Adresse:
Ostrów Tumski
plac Kościelny
50-329 Wrocław
tel: 71/322-25-74
Stiftskirche zum Heiligen Kreuz in Wrocław

Medaille am Automaten am Eingang auf der linken Seite erhältlich!
Die Kollegiatskirche zum Heiligen Kreuz und die St. Bartholomäus-Kirche in Breslau – eine gotische Kirche auf der Dominsel in unmittelbarer Nähe der ehemaligen Burg der schlesischen Piasten. Eine zweistöckige Backsteinkirche im gotischen Stil mit zwei Türmen.
Die Oberkirche ist dem Heiligen Kreuz geweiht, die Unterkirche – dem Heiligen Bartholomäus.
Wichtige Daten:
11. Januar 1288: Gründung der Kirche nach Beilegung des Streits zwischen Herzog Heinrich IV. Probus und Bischof Thomas II.

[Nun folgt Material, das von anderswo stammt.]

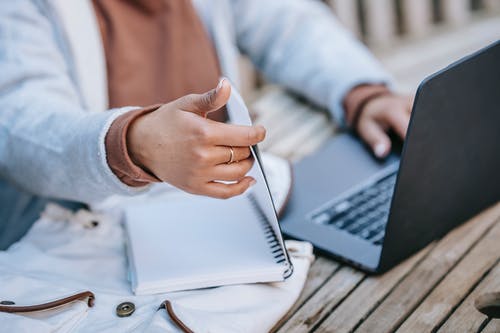 使用macbook Pro的白色长袖衬衫的人 · 免费素材图片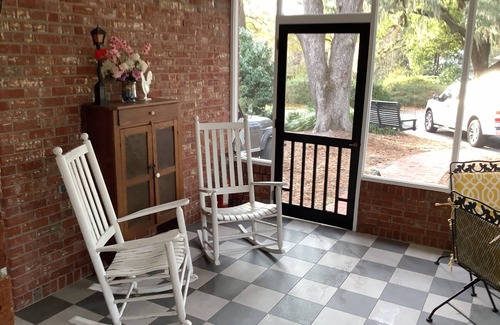 Summerville Historic District House | Pineapple housenHistoric district n15 min walk to downtown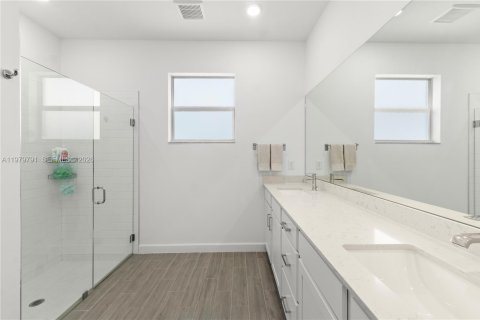 Купить виллу или дом в Локсахатчи-Гроувс, Флорида 5 спален, 309.55м2, № 2044768 - фото 24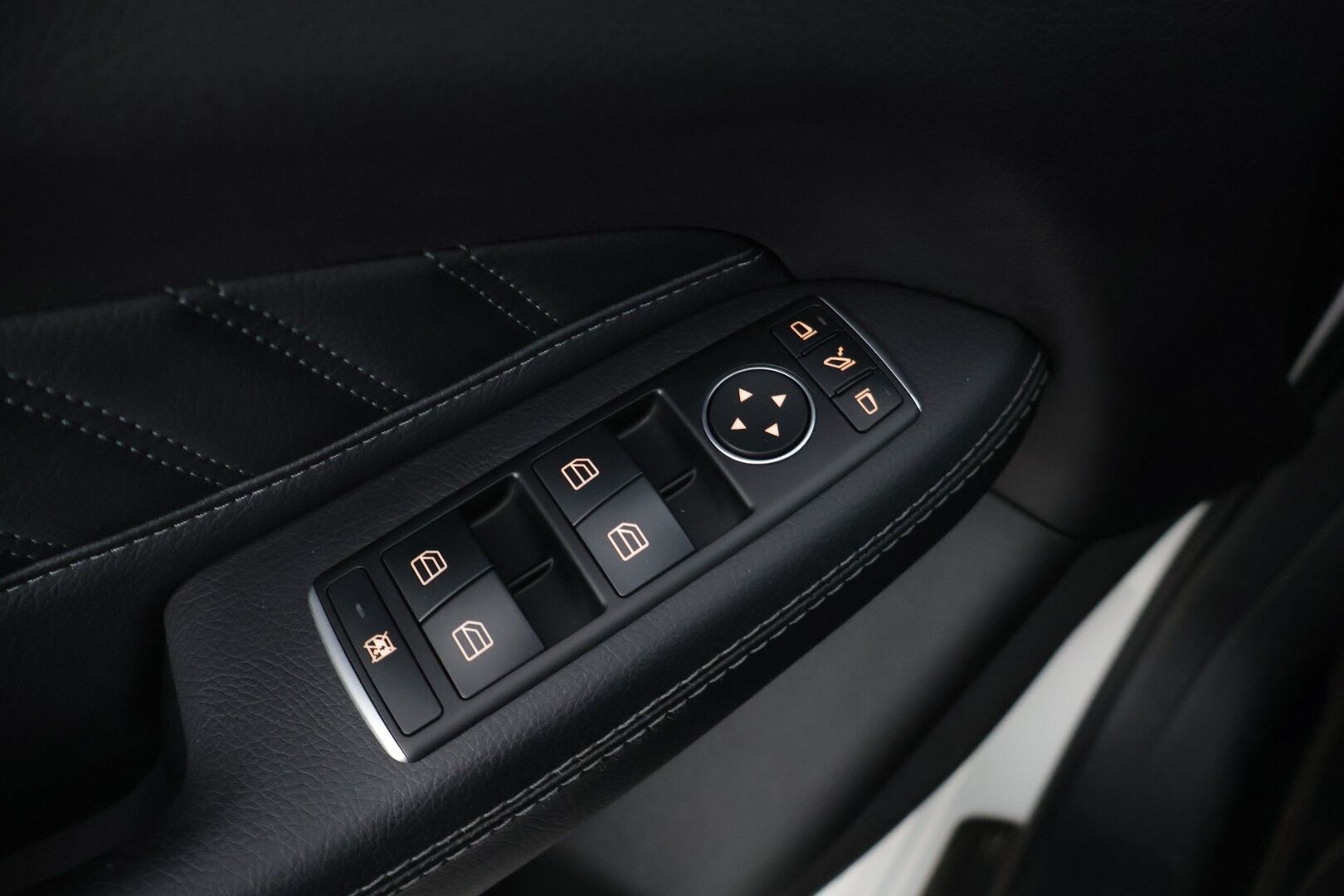 Mercedes-Benz GLE 2016 250 d 4Matic AMG * Panorama / ILS-LED / Vakkari / P.tutkat / Muistipenkit / Airmatic DC / Navi / Nahat / Lohko * - Kahdet renkaat aluvanteilla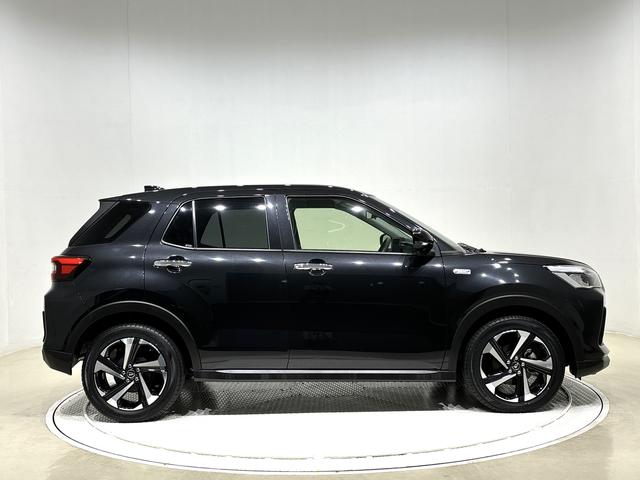 ロッキープレミアムＧ　ＨＥＶ　パノラマモニター対応カメラＬＥＤヘッドランプ・フォグランプ　全車速追従機能付アダプティブクルーズコントロール　レーンキープコントロール　アルミホイール　シートヒーター（広島県）の中古車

1290: Herzog Heinrich IV. stirbt und wird vorübergehend im Presbyterium der Kirche beigesetzt.
September 1295: Bischof Jan Romka weiht die Kirche.
1632-1634: Während des Dreißigjährigen Krieges wurde die Kirche entweiht, geplündert und verwüstet (protestantische Truppen nutzten sie als Lager und Stall).
1672 und 1723: Kirchenrenovierungen – führten zu barocken Innenausstattungen. Beide Ebenen erhielten neue Altäre, die Oberkirche eine neue Orgel.
1704-1705: Vier überlebensgroße Figuren wurden im Hauptaltar aufgestellt: Hl. Hedwig, Hl. Barbara, Hl. Bartholomäus und Hl. Andreas.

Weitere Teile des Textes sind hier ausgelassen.